Rugby union and league dominate the front pages of the newspapers on Monday.
The New Zealand Herald splits its front between league and union under the overall heading "day of heartbreak".
The Warriors get the lead slot with a picture of shattered fullback Kevin Locke after their NRL grand final loss to Manly. The paper's report begins: "Fortune doesn't always favour the brave, sometimes it chooses the tough instead".
The Herald also speaks to the mother of injured All Black Daniel Carter, Bev Carter, who broke down in tears as she told the reporter that she'd been unable to get a plane to go to Wellington to console her son.
The Waikato Times devotes its entire front page to the news on Carter. Hamilton mechanic Guy Middleton sums up the fans' feelings this way: "I am absolutely devastated, it's like a death in the family, but I still think we can definitely win it."

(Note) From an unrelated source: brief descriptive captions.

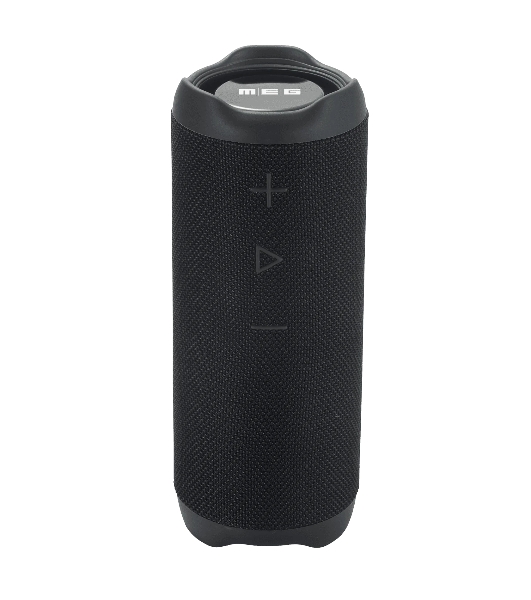 Портативная колонка MEG SSA050BL, 50Вт, Bluetooth, влагозащита IPX6, время работы 12ч, черная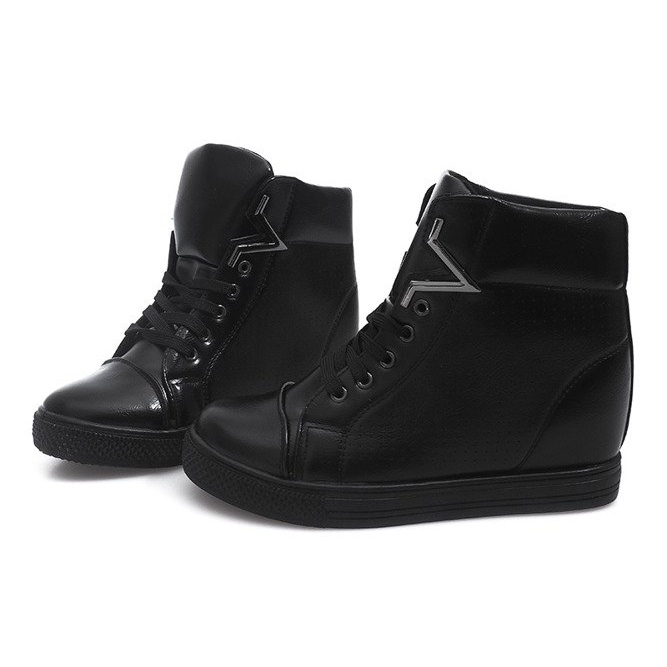 Wedge Sneakers 2932-1 Sort 1
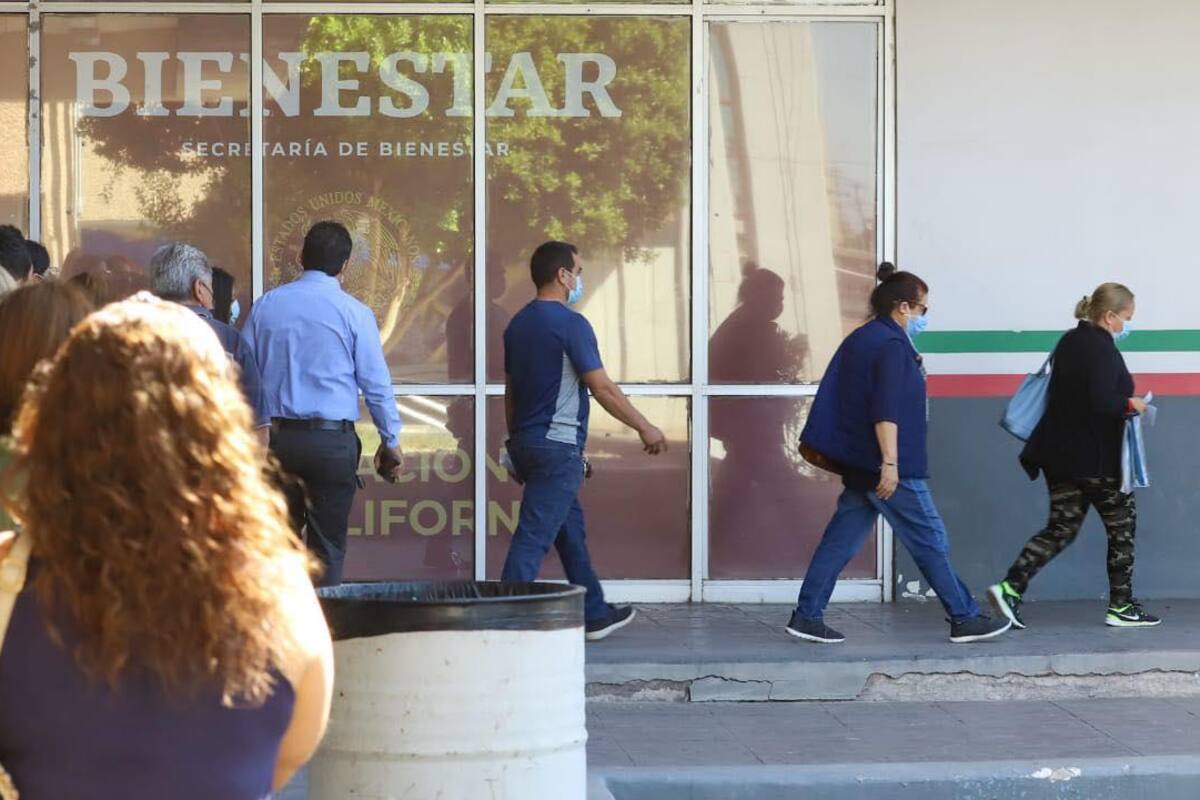 Cachanillas van a Bienestar por certificado anticovid ante reapertura de frontera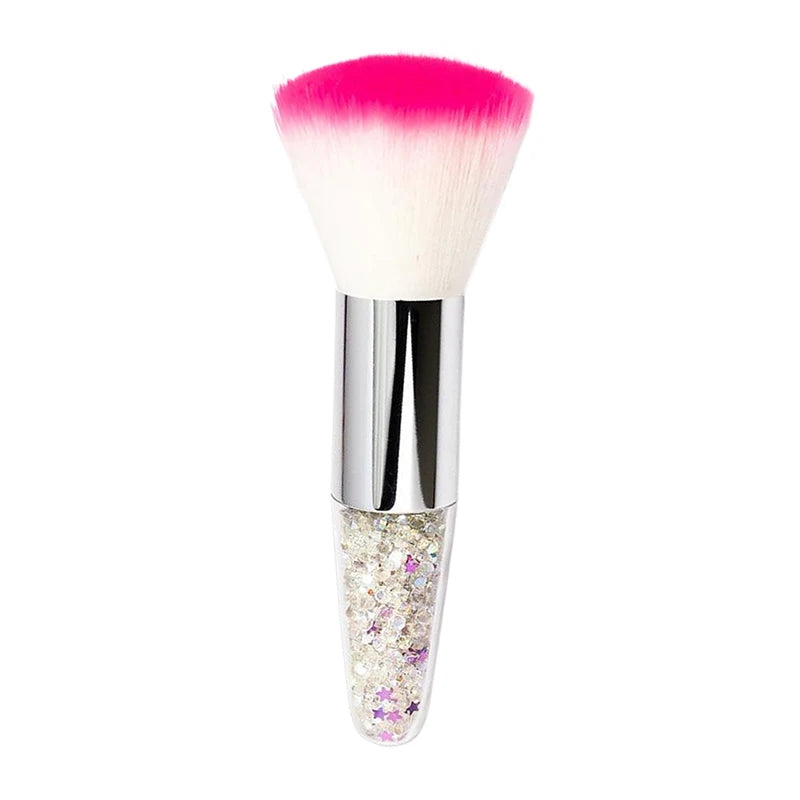 Nail Art Brush Remove Nail Dust Brush Acrylic UV Gel Polish Powder Cleaning Tool Beauty Makeup Brushes Manicure Accessories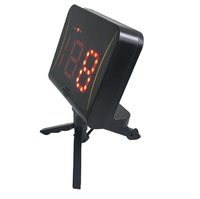 Sensor Kecepatan Olahraga, Detektor Kecepatan untuk Bisbol, Bola Tangan, Hoki, Golf atau Tenis, Radar Kecepatan Tembakan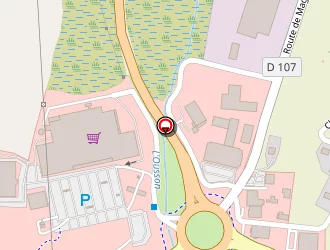 Carte de Telecom 1 à Belley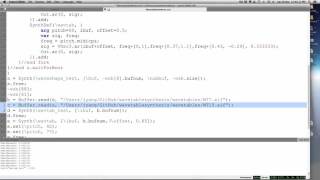 Wavetable Synthesis in Supercollider Tutorial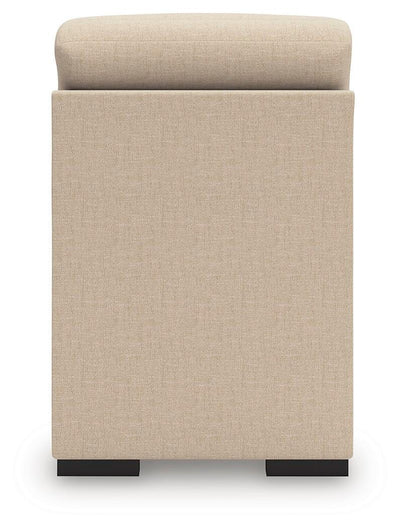 LadyMae 5-Piece RAF Chaise Sectional in Twill Performance Fabric and Next-Gen Nuvella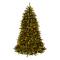7.5ft. Pre-Lit Dunhill Fir® Artificial Christmas Tree, Spectrum Lights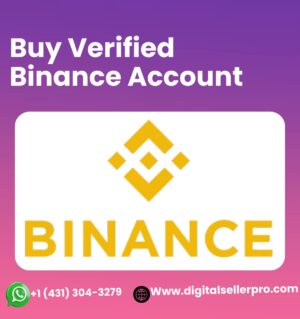 Buy Verified Binance Accounts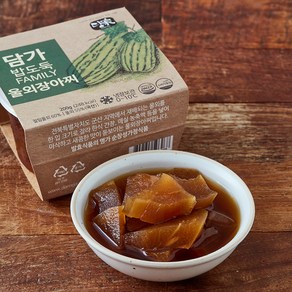 담가 울외장아찌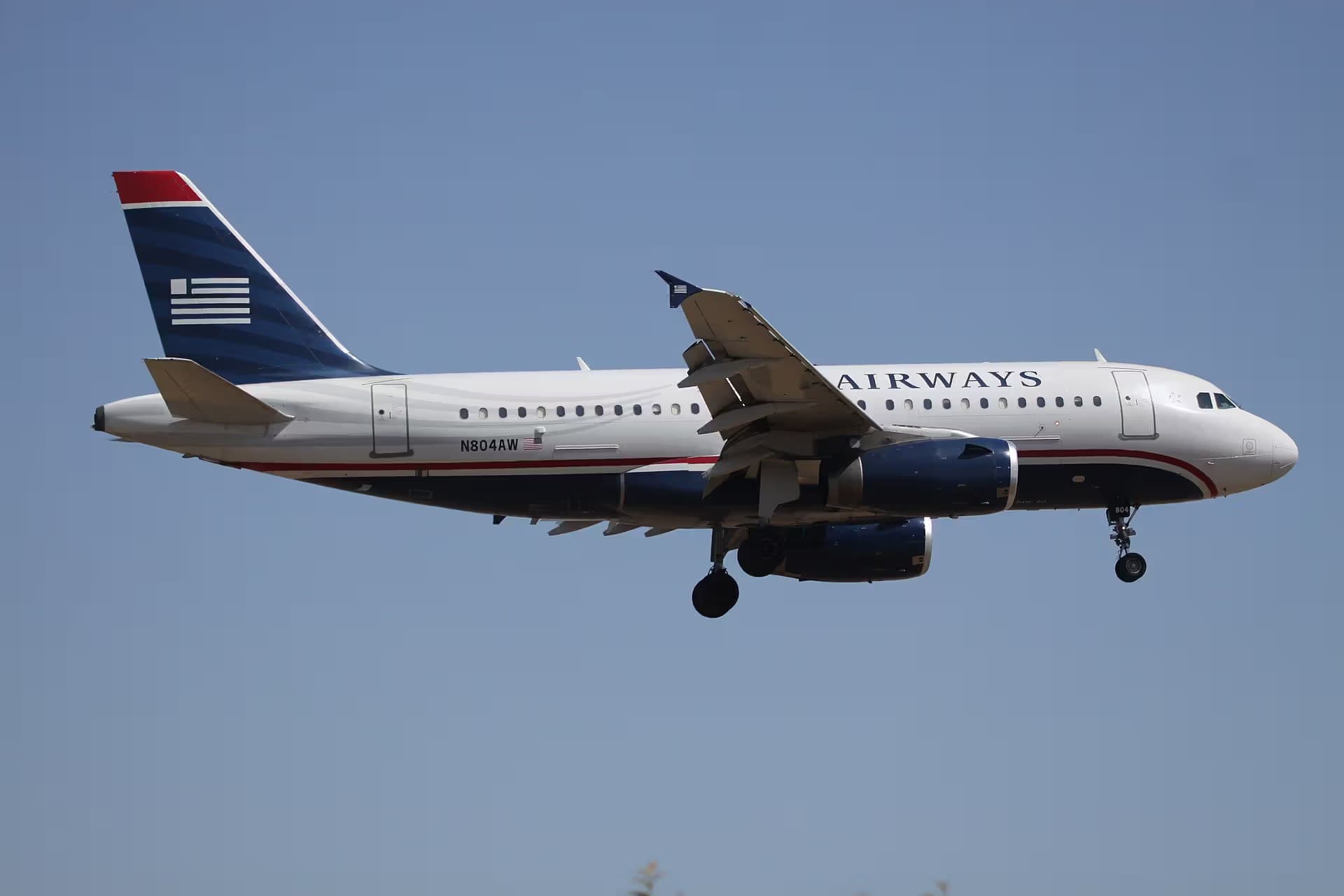N804AW — Airbus
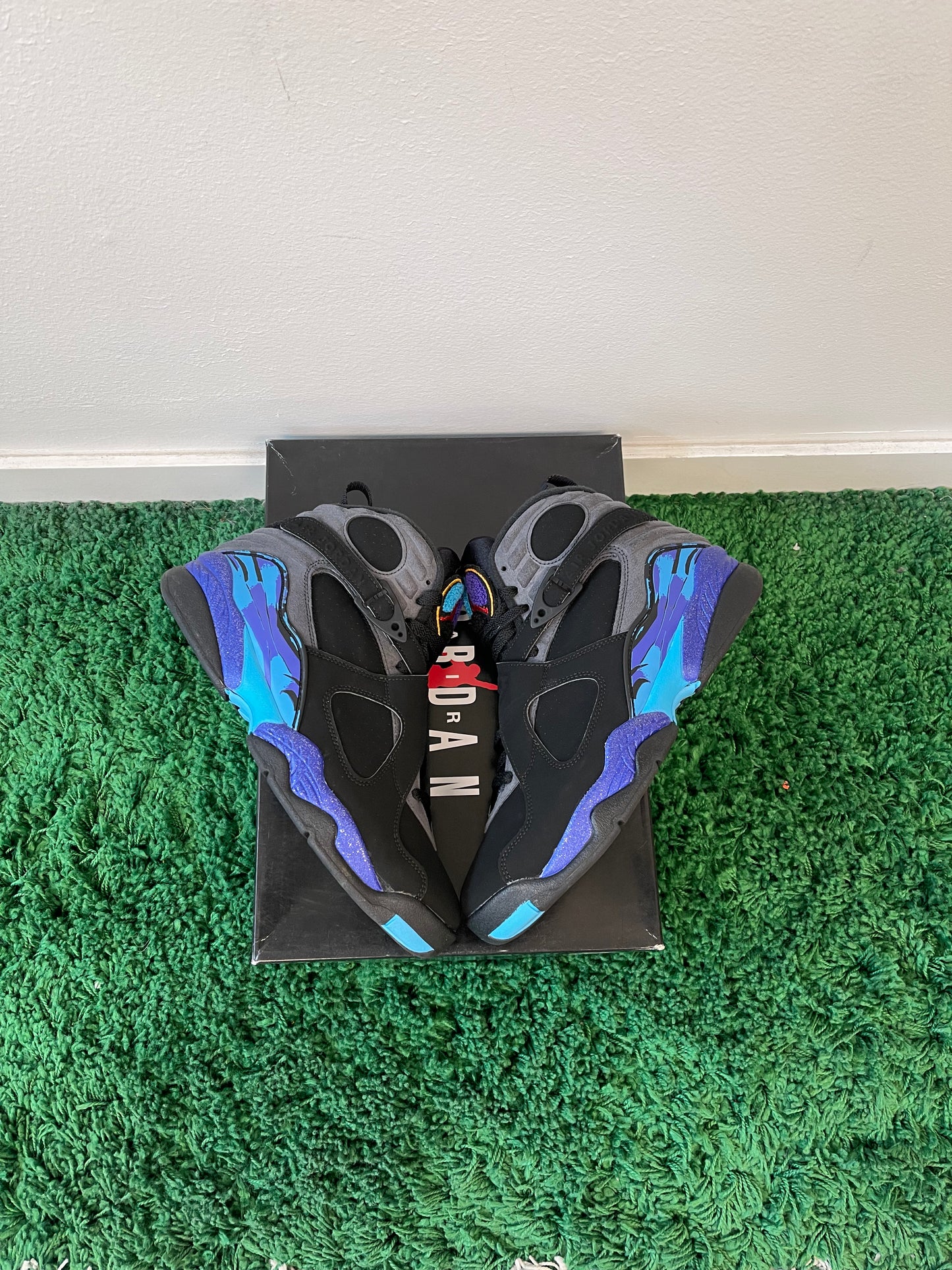 Used Jordan 8 Retro Aqua 2025 (Men’s)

The paper has an interview with the player's father, Neville Carter, who says he's "gutted to be honest", but says people have to remain positive and continue to get behind the team.
The Dominion Post also has only one story on its front - Dan Carter.
It says his withdrawal is a blow to the New Zealand campaign and could cost the country the tournament.
The paper quotes fellow All Black Ali Williams as saying "it sucks".
TAB bookie Mark Stafford says he is sticking with the hosts to win the Cup for now.
The Press also devotes considerable space to the news on Carter. A column by Richard Knowler begins: "This was worse than a hangover from hell. Far worse. Waking up on Sunday morning to learn Dan Carter's groin injury had forced him out of the World Cup was almost too difficult to comprehend at first."
But the paper also talks to the former coach of replacement Colin Slade who taught the player when he was in the Canterbury Colts.
Stephen Dods says "He's an outstanding rugby player. It's just a matter of people being patient and waiting until he gets comfortable in the system, which he will do. It might take a game."
The Otago Daily Times leads on another story - a critical report by outgoing Southern District Health Board chief executive Brian Rousseau. He says a $41 million funding shortfall has been soul-destroying and stopped the board from investing in buildings and clinical equipment.
But rugby gets a look in too with an interview with Bev Carter and coverage of the Irish fans celebrating their team's win in Dunedin.